Easter track smackdown: So, what have we learned?
Four days. Twelve tracks. A bunch of points. But what have we discovered?
Amazon, it turns out, would have been the victor had their management decided to throw away any claims to a moral victory.
As someone pointed out in the comments, 'grey' material thrives on user-generated services - although even with this advantage, Imeem didn't do particularly well.

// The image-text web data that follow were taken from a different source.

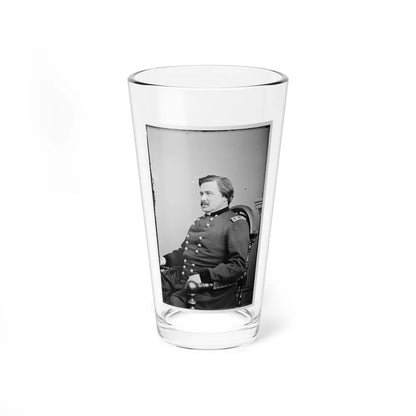 Portrait Of Maj. Gen. Alexander Mcd. Mccook, Officer Of The Federal Army (U.S. Civil War) Pint Glass 16oz-16oz-Go Mug Yourself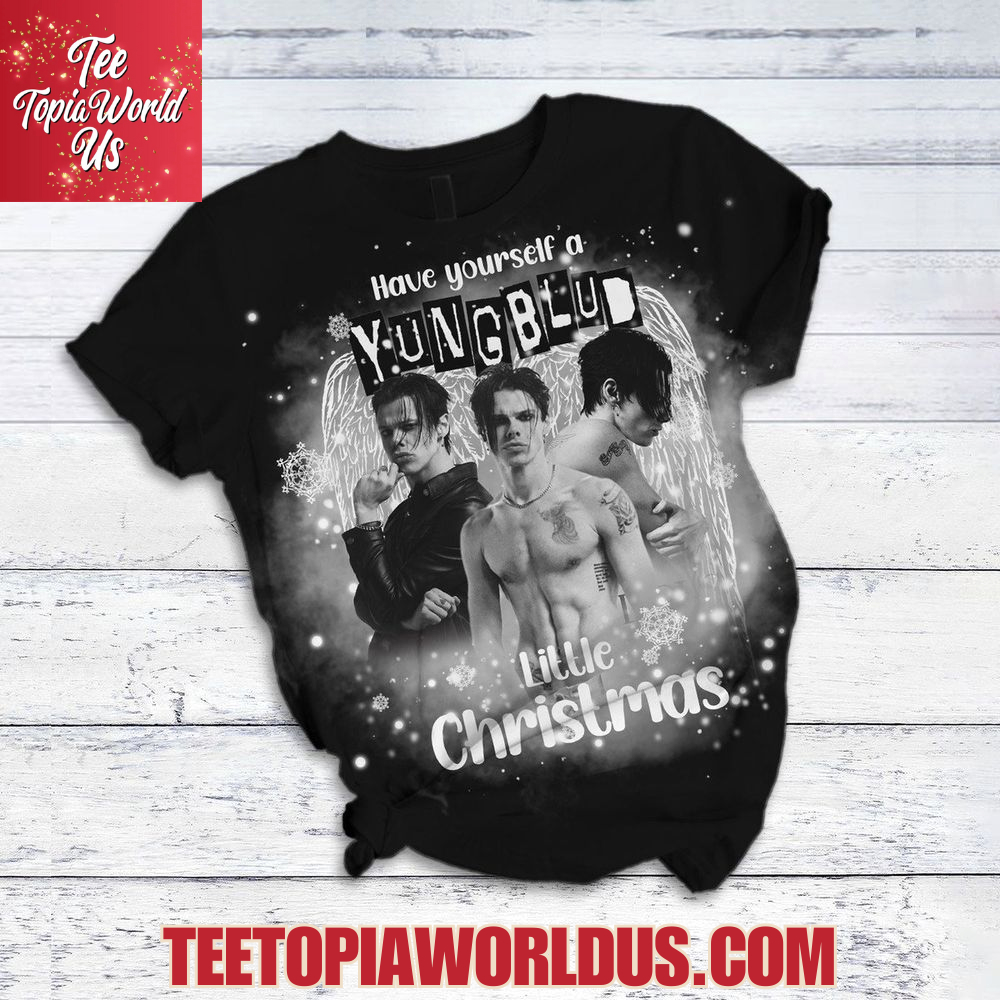 Have Your Self A Yungblud Little Christmas Pajamas Set Have Your Self A Yungblud Little Christmas Pajamas Set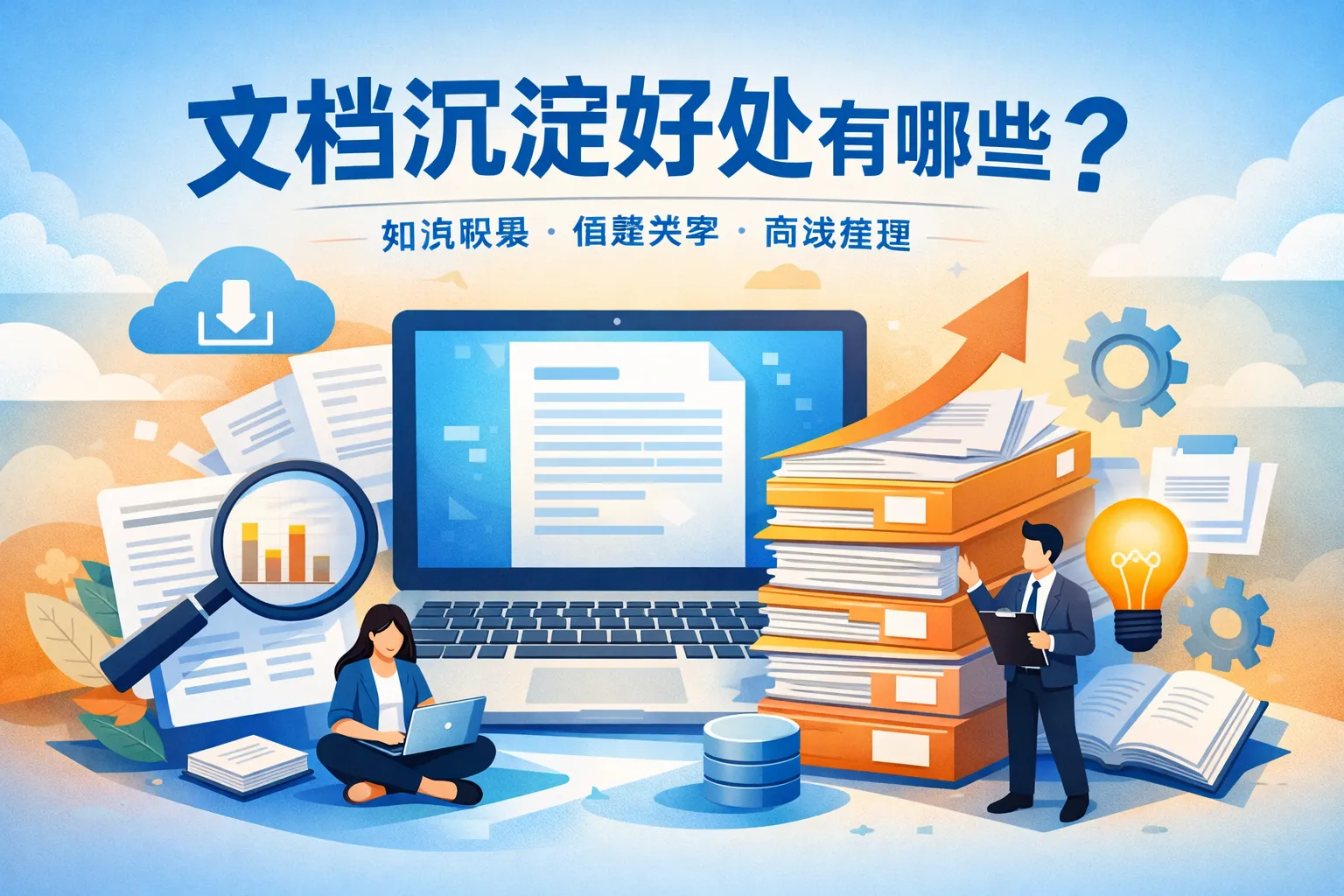 文档沉淀好处有哪些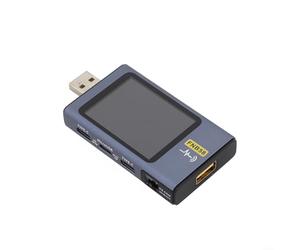 Probador USB FNB58 para medición precisa de voltaje y corriente con interfaz de interacción de computadora humana (con control de APP)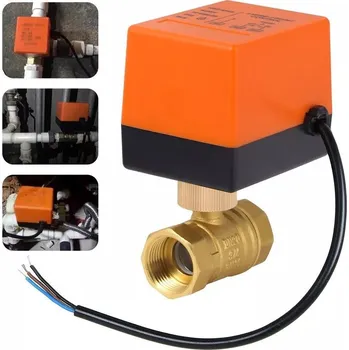 Ventil DN20 3/4'' ELEKTROMAGNETICKÝ VENTIL 3CESTNÝ KULOVÝ 230V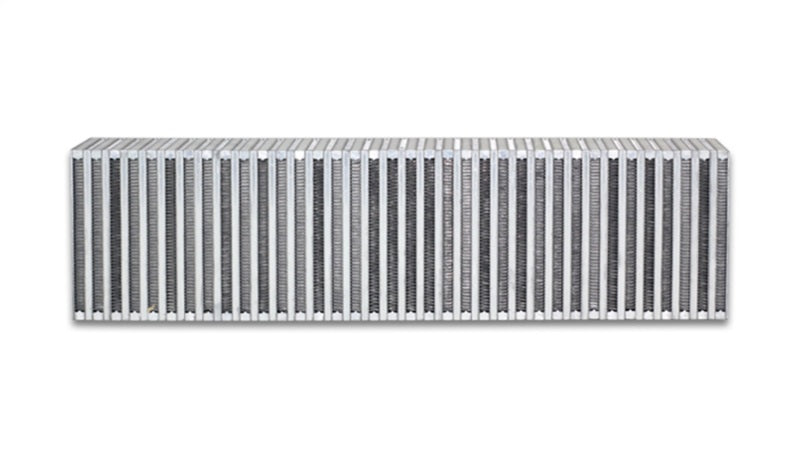 Load image into Gallery viewer, Vibrant Vertical Flow Intercooler Core 24in. W x 6in. H x 3.5in. Thick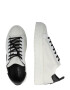 ANTONY MORATO Sneaker low negru / alb - Pled.ro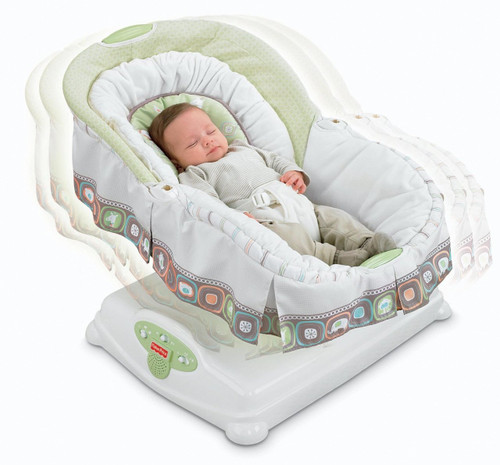 Fisher price soothing hot sale motions glider sale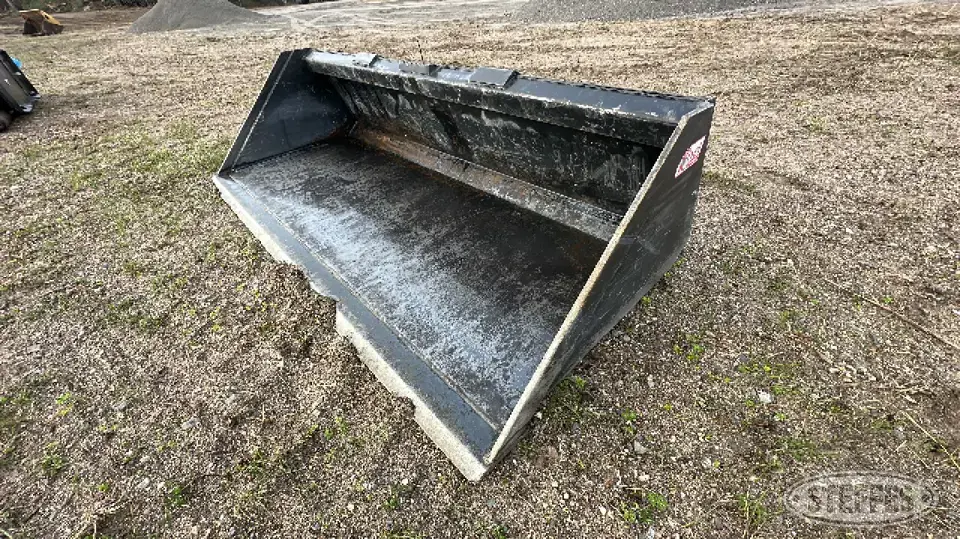 Kivel Skid Steer Bucket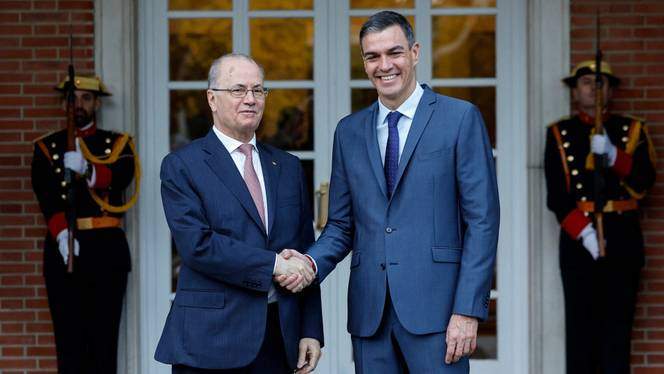 Spain and Palestine hold first official talks, marking a new phase in relations 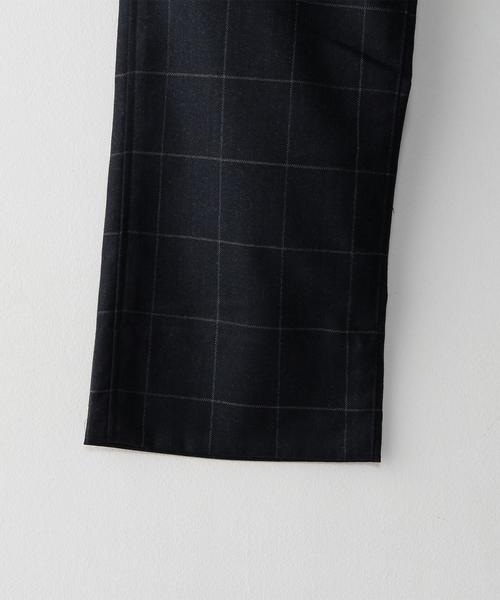 Steven Alan（スティーブンアラン）の「＜steven alan＞ MILLD W/PANE TRIP-N/ﾊﾟﾝﾂ ◆（その他パンツ・メンズ・ネイビー・MEDIUM/SMALL/X-LARGE/LARGE）」の9枚目の写真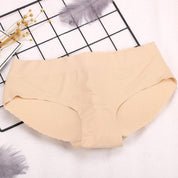 Push-up slips van glad en ademend materiaal - Fabienne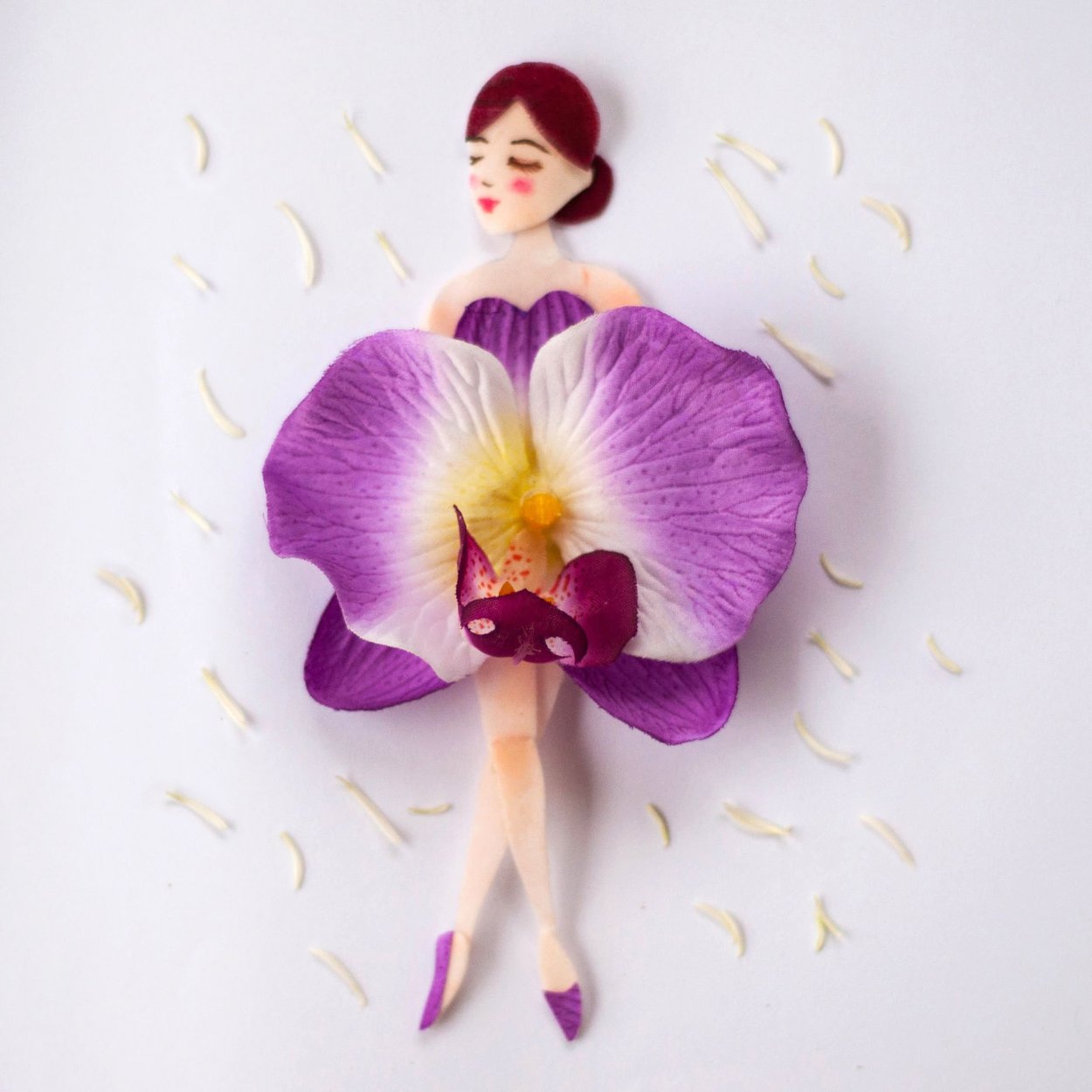 Ятрышник Обезьяний цветок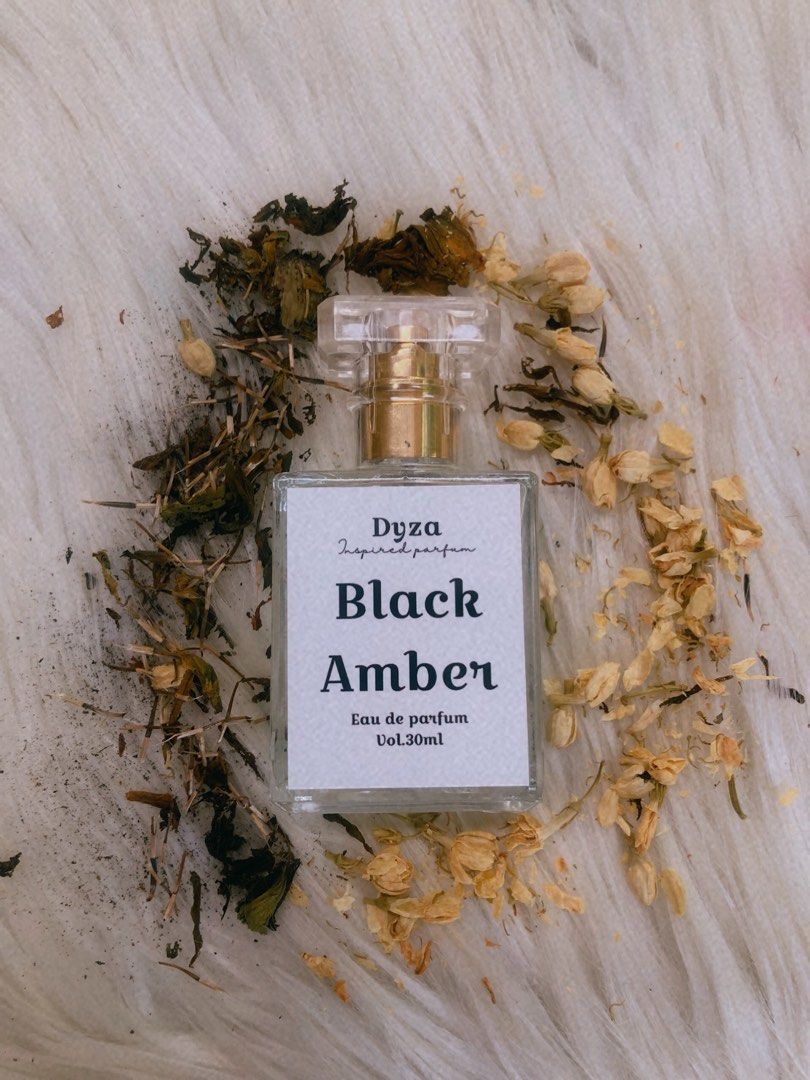 PARFUM INSPIRED ZARA BLACK AMBER 30ML EDP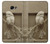 S1386 Paper Sculpture Owl Case For Samsung Galaxy A5 (2017)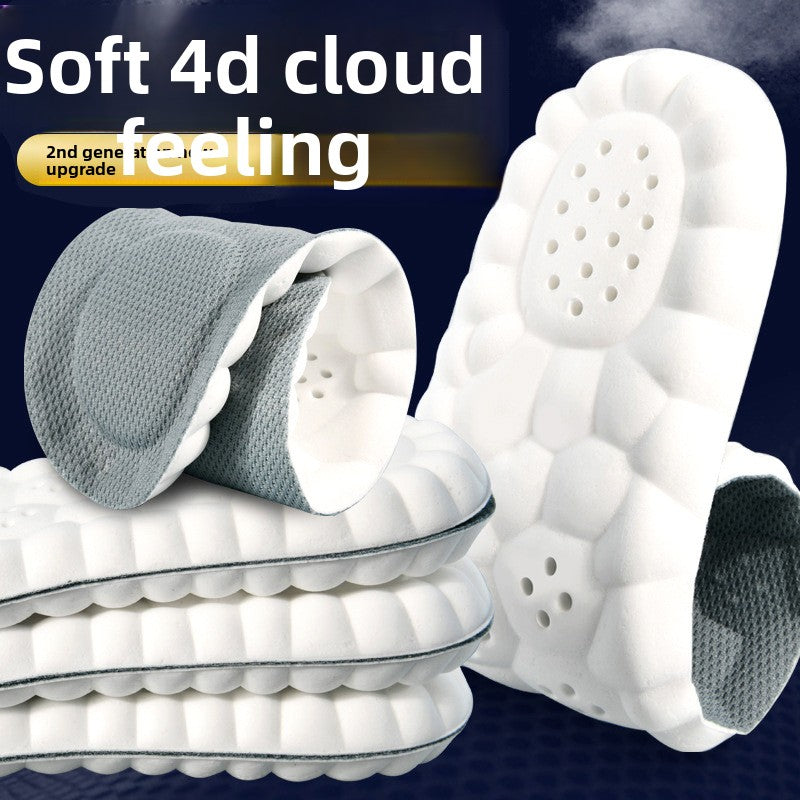 Soft Anti-Odor Height Increasing Shoe Insoles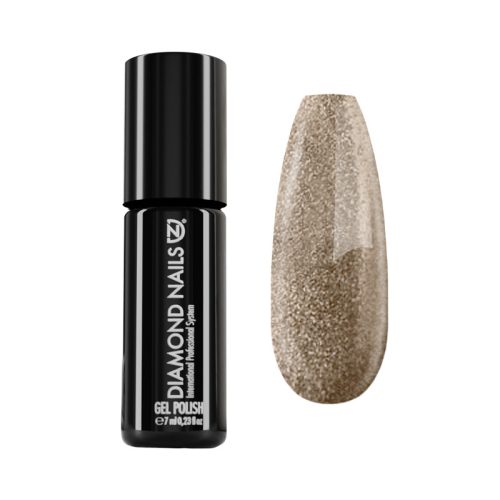 Gel Nail Polish - DN073 - Metallic Chrome 7ml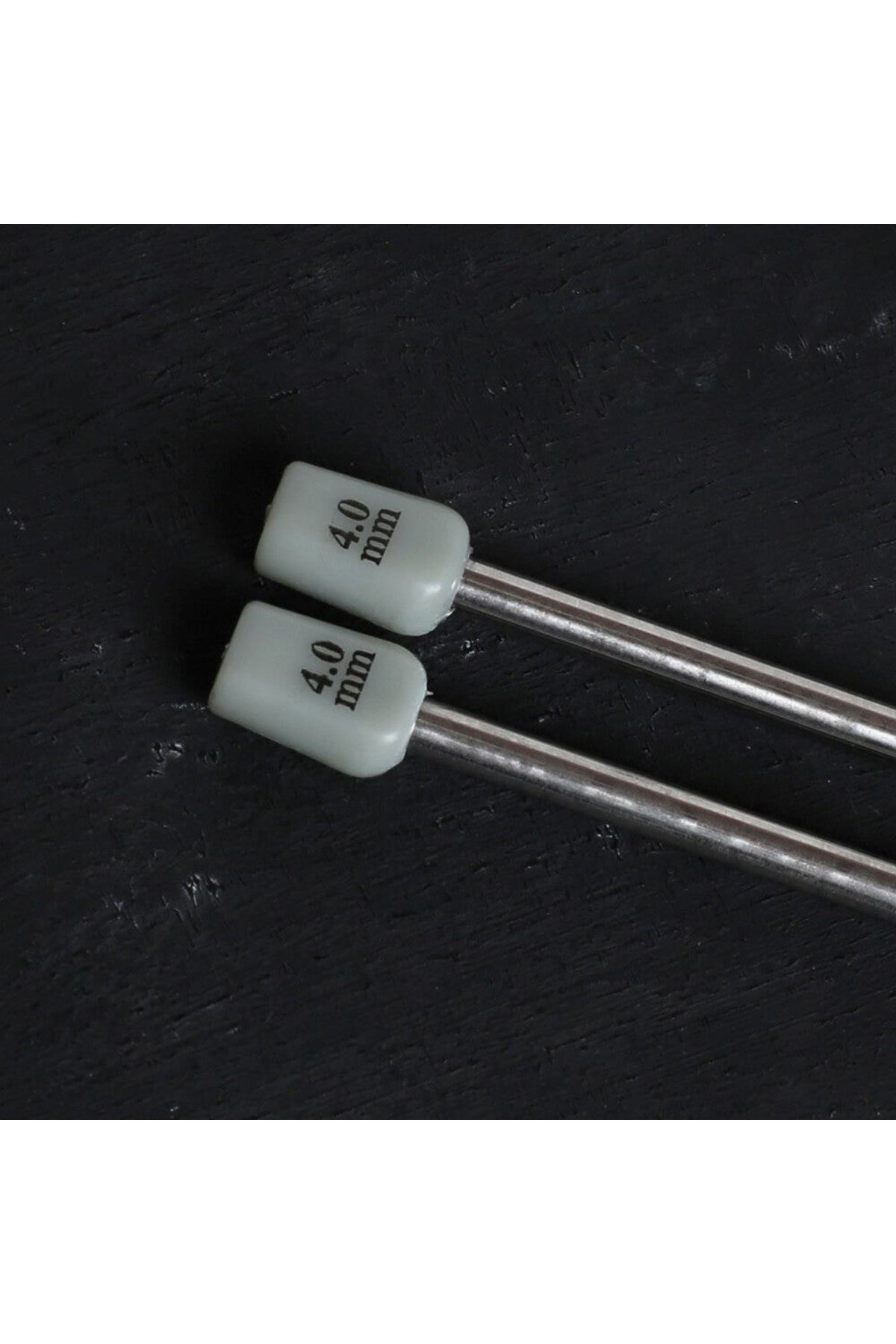 Loren Crafts 4 mm 35 cm Titanyum Örgü Şişi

YouTube could probably save a fortune (and crush Imeem, actually) if it offered an option for people to upload just audio. Seriously, how much bandwidth and storage space are Google paying for to hold and transfer images of record labels and sleeves that people are only making in the first place because there needs to be something for the visual part of the video. Make an mp3 YouTube, Google. You'll save yourself a bundle.
The PRS' doomy claims that music is being switched off from YouTube is a little bit overstating the case - some good stuff is missing, but it's nowhere near as silent as you might think.
iTunes has pretty good coverage for a legal service.
Spotify might just have been unlucky, but to only hit one track out of twelve suggests that it might have more gaps in its memory than Sam Beckett that time he jumped into the hospital and got electroshock therapy.
We7 haven't ever claimed to be a home for obscure stuff, which is quite wise, but their people are lovely.
Bernard Cribbins' back catalogue has survived more successfully than most 1980s-90s indie.
It might be a good idea - we7, you can have this for free - if searches which turn up empty had a box saying "sorry we don't have what you're looking for, can you tell us about the song and we'll see if we can get it for you"?
Some people will do anything to fill their blogs over a bank holiday weekend.
And that, then, concludes the first ever Easter Track Smackdown, with Amazon hiding children from the gays; YouTube punching the air in triumph while humming Eye Of The Tiger, videoing itself doing so and then pulling its own video after complaints from Survivor's record label; iTunes trying to somehow create a Genius playlist out of the events of the last four days and hanging forever; and Spotify looking a little bit like the smart kid from sixth form who's just done his first university seminar and realised that things have just got a little harder.